Some mothers feel empowered by the movement, finding their unmedicated birth experiences to be much more positive than those that happened with medication or surgery. Jane Proust had a c-section for her first child. Before her second pregnancy, Proust took a doula course which she says showed her “how beautiful birth can be.” This helped convince her to attempt a VBAC. Proust described feeling ecstasy during the unmedicated birth of her second child. It was “as if the lines between worlds disappeared. I was just oozing love.” The contrast between her two births has made Proust sad and regretful about her first delivery. “I grieved a bit after this last birth about my first birth, knowing how different it could be. My first daughter was breech and I wasn’t given any other options.”

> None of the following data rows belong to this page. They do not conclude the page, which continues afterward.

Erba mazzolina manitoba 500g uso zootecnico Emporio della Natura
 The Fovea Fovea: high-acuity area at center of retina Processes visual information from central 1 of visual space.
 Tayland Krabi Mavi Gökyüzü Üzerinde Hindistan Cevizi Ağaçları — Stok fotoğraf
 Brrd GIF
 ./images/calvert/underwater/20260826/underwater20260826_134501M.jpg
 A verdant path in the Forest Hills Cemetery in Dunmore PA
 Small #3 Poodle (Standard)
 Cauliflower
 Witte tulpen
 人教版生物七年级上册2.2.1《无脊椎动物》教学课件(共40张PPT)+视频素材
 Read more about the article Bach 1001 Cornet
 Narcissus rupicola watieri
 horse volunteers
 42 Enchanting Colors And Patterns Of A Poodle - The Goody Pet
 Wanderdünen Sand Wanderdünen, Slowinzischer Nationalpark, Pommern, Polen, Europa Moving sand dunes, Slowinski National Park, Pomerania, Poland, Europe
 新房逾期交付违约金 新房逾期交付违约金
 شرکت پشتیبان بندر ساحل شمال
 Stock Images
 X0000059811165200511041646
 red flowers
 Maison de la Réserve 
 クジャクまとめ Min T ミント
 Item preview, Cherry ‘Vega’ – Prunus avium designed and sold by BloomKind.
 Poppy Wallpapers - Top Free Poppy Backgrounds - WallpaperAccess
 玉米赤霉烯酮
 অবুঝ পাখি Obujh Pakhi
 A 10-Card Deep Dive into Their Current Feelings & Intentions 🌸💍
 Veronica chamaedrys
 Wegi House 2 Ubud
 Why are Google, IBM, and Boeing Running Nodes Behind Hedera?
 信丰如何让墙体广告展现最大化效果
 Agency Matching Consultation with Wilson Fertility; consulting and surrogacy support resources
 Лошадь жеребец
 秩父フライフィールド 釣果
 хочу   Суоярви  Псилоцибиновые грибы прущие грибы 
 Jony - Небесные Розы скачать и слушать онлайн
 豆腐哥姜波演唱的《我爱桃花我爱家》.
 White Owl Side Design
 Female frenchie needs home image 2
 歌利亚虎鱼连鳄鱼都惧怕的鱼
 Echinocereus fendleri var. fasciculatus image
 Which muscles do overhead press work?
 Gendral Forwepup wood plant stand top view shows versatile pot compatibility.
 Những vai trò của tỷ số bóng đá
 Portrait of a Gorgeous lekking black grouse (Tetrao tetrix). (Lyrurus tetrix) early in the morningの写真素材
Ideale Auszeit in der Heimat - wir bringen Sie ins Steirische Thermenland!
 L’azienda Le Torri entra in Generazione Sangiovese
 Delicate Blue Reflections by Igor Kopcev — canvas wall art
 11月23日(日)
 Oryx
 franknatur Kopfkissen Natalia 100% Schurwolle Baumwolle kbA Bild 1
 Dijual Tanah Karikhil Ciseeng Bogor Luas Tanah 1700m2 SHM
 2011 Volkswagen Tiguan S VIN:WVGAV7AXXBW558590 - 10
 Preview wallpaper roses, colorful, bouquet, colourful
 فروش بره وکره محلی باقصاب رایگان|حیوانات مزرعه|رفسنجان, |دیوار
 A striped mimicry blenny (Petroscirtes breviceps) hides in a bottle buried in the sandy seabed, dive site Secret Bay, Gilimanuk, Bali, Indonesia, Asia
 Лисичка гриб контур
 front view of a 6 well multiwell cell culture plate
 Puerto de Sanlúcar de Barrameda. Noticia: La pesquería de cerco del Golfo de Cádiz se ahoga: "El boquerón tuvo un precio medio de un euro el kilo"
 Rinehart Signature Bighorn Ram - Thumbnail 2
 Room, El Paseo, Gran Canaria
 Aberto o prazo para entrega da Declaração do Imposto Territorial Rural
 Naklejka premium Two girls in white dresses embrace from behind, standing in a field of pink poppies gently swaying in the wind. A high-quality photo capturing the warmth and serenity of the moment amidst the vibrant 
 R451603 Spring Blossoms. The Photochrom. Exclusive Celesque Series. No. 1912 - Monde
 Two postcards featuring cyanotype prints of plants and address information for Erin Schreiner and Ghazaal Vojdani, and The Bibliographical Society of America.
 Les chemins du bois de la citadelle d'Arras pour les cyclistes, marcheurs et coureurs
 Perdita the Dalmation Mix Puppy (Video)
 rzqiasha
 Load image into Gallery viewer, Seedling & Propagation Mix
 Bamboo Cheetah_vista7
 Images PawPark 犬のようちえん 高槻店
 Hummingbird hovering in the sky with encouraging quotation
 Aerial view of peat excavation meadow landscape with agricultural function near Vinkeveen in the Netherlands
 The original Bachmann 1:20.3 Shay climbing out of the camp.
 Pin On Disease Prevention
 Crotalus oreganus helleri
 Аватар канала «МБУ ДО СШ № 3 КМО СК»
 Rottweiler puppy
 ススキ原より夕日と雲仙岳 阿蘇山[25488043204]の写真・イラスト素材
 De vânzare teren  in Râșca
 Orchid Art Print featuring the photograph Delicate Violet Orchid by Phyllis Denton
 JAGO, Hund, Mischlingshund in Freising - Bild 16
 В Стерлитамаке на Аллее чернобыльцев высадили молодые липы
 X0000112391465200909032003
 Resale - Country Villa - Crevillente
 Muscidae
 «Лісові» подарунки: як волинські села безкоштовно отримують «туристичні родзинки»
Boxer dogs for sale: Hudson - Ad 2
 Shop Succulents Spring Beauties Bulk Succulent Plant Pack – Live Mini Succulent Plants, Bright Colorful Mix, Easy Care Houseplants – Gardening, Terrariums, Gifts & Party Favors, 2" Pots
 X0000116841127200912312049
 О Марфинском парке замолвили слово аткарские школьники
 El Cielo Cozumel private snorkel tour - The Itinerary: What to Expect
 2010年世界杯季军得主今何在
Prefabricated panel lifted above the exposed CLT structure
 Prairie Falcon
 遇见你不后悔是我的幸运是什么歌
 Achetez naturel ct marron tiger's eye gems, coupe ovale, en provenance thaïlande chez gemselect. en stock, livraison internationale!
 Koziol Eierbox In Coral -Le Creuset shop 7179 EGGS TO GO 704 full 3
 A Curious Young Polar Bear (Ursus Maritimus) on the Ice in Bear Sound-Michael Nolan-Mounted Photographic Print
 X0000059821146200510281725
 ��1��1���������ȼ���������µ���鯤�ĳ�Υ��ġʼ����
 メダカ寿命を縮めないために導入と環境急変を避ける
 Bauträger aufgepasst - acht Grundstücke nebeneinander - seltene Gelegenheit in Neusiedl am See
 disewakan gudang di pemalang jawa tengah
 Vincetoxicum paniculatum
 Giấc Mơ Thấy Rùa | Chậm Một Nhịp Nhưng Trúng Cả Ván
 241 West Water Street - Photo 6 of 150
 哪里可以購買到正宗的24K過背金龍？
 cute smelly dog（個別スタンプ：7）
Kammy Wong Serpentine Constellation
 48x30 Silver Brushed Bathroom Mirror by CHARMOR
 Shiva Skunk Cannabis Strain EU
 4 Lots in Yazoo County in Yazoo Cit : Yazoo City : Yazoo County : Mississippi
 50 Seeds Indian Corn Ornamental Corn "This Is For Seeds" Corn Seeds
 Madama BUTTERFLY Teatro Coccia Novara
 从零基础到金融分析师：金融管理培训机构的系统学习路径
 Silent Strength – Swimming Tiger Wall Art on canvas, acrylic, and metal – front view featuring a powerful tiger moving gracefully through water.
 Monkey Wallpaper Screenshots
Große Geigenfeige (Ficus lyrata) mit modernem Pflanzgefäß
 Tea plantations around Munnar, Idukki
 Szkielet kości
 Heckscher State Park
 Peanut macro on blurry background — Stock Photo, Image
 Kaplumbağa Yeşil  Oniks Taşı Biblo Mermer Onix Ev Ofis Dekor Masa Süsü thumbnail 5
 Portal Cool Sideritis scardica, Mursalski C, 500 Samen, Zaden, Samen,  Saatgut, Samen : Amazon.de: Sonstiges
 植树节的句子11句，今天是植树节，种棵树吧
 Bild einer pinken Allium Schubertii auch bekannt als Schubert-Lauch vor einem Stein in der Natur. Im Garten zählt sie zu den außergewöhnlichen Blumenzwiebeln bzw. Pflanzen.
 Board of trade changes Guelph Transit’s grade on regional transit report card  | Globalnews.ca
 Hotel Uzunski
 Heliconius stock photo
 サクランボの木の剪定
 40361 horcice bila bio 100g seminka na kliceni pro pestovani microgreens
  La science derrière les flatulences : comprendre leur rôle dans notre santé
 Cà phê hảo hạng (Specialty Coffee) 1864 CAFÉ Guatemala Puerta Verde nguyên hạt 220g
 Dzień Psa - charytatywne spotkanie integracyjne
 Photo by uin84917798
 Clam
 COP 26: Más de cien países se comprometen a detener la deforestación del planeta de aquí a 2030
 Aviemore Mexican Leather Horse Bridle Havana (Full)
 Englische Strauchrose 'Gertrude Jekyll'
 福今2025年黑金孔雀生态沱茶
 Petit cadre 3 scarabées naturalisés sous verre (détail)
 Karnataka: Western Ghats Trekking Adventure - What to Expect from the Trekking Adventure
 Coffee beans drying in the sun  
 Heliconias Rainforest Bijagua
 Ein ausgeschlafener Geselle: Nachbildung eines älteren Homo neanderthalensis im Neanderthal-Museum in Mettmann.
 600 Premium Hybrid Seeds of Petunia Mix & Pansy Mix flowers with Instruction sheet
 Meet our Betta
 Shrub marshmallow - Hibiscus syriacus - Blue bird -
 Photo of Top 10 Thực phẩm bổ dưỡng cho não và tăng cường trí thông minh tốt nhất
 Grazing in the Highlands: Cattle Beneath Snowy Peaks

Some women even claim they experience orgasms at birth. “Orgasmic birth highlights that birth is a sexual process,” says Buckley. “The buildup of hormones that occurs is similar to an orgasm, there’s the same pattern of release. There are huge peaks of oxytocin released from the brain that help push the baby out.” According to Buckley this activation of the reward and pleasure centers of the brain is part of the natural hormonal process of birth. Buckley notes that an integral part of a euphoric or orgasmic birthing experience is an undisturbed birth, which can help create the optimal setting for the hormonal processes to unfold. She writes that the conditions needed for the hormones to unfold in birth are the same conditions necessary for the hormones to unfold in sex: that the women feels private, safe, and undisturbed. In other words, soft lighting, relaxing music, and the presence of a partner nearby.

Tuteur dismisses orgasmic birth as lacking a scientific foundation. She understands claims of orgasms during birth to be the products of insecurity and one-upsmanship: “Not only did I tolerate the pain, I had an orgasm, too!” Tuteur stresses that women should not delude themselves as to the incredible pressure and pain involved in childbirth, so that they can be prepared and make informed choices.

Talking to these women and experts for this story made me reflect on my own birthing experience. Despite it including a sterile hospital room, Pitocin, an epidural, and a male attending doctor I’d never laid eyes on before he helped me deliver my daughter into the world, I realized I wouldn’t have had it any other way. I felt no pain at the end (before the epidural was another story) and my baby came out healthy and whole. The women I talked to felt the same way about their unmedicated birth experiences. Different processes but similar results. As long as women are making informed choices, the end product — holding a healthy baby — should feel pretty amazing.